温室効果ガス排出と除去推定システム(SEEG)の最新データによると、人口の割合が少ない北部が排出量の約60%を占めており、上位10市中8市は法定アマゾン内にある事などがわかったと13、14日付現地紙、サイトが報じた。
2019年の温室効果ガス排出量最多はパラー州アルタミラで、二酸化炭素に換算した温室効果ガス排出量は3524万7300万トンだった。内3340万トンは森林伐採によるものだ。
同市の人口はサンパウロ市の100分の1の11・7万人だが、同市を国に例えると、温室効果ガス排出量は世界で108番目に多い。19年の森林伐採量は575平方キロで全国一。森林火災も全国2位の3800件だった。
排出量は電力や工業、農業、交通、土地や森の利用状態の変化、廃棄物の処理方法など、100項目以上を基に算出される。
2位はパラー州サンフェリックス・ド・シングーの2889万4968トン、3位はロンドニア州ポルト・ヴェーリョの2330万3221トン、4位はアマゾナス州ラブレアの2321万8078トンと続く。
10市中8市は、パラー州4、アマゾナス州2、ロンドニア州とマット・グロッソ州各1で、法定アマゾン内の市が占めた。
北部以外の市は、サンパウロ市が1658万9114トンで5位、リオ市が1379万6138トンで8位だった。上位10市の排出量1・97億トンはオランダやペルーの排出量以上だ。

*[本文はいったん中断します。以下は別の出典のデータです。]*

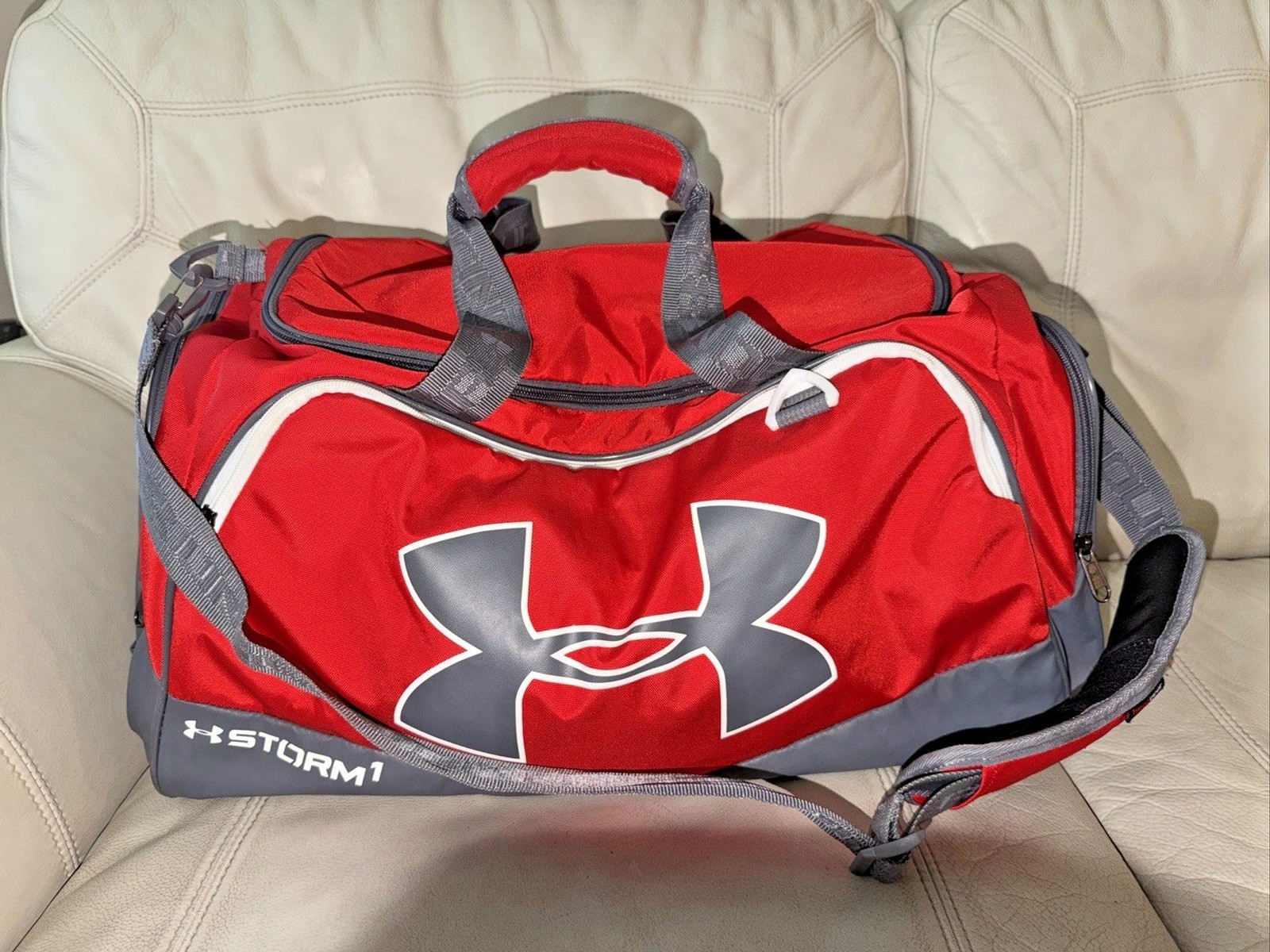 Under Armour Storm 1 UA Duffle Gym Bag Red Gray White w/ Shoulder Strap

木が切り倒されると二酸化炭素の吸収が止まる上、分解や焼き払う過程で二酸化炭素が出る。森林伐採では二酸化炭素の25倍の温室効果を持つメタンガスや270倍の効果を持つ窒素酸化物も排出される。
また、1人あたり年500トンのガスを排出している市は、新生児も含む各人が500台の車を毎日走らせるか、1日1・5頭の牛を毎日食べている計算になるという。

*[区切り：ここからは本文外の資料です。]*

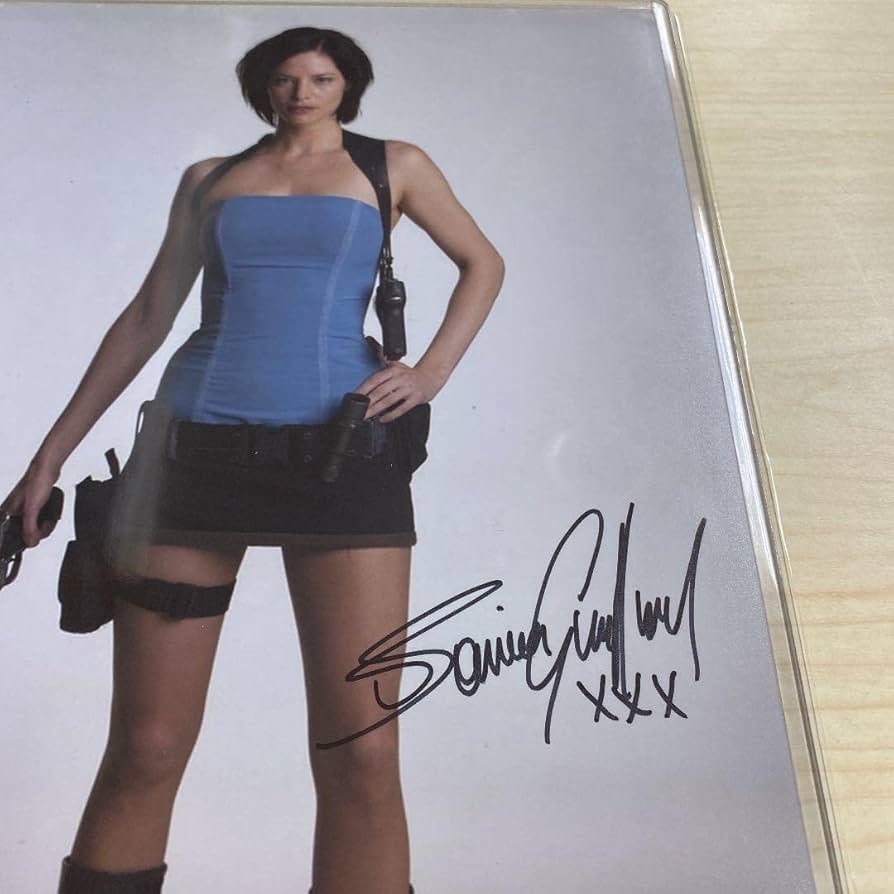 Amazon.co.jp: シエンナギロリー 直筆サイン入りフォト写真 バイオ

ブラジルは環境関連の国際会議で森林伐採や温室効果ガス排出量の削減を約束している。だが、5月の法定アマゾンの森林伐採量は5月としては昨年5月の1390平方キロに次ぐワースト2の899・64平方キロ、森林火災は2287件で昨年同月比で96%増など、森林破壊やそれによる農地開発が続いている。
英国人ジャーナリストとブラジル人の先住民活動家の失踪事件は不法伐採や不法採掘、麻薬密売などが横行している場所である事やパラー州での犯罪多発などから、犯罪や温室効果ガスの排出量などを抑制する意味でも環境などの監視強化をと訴える声が高まっている。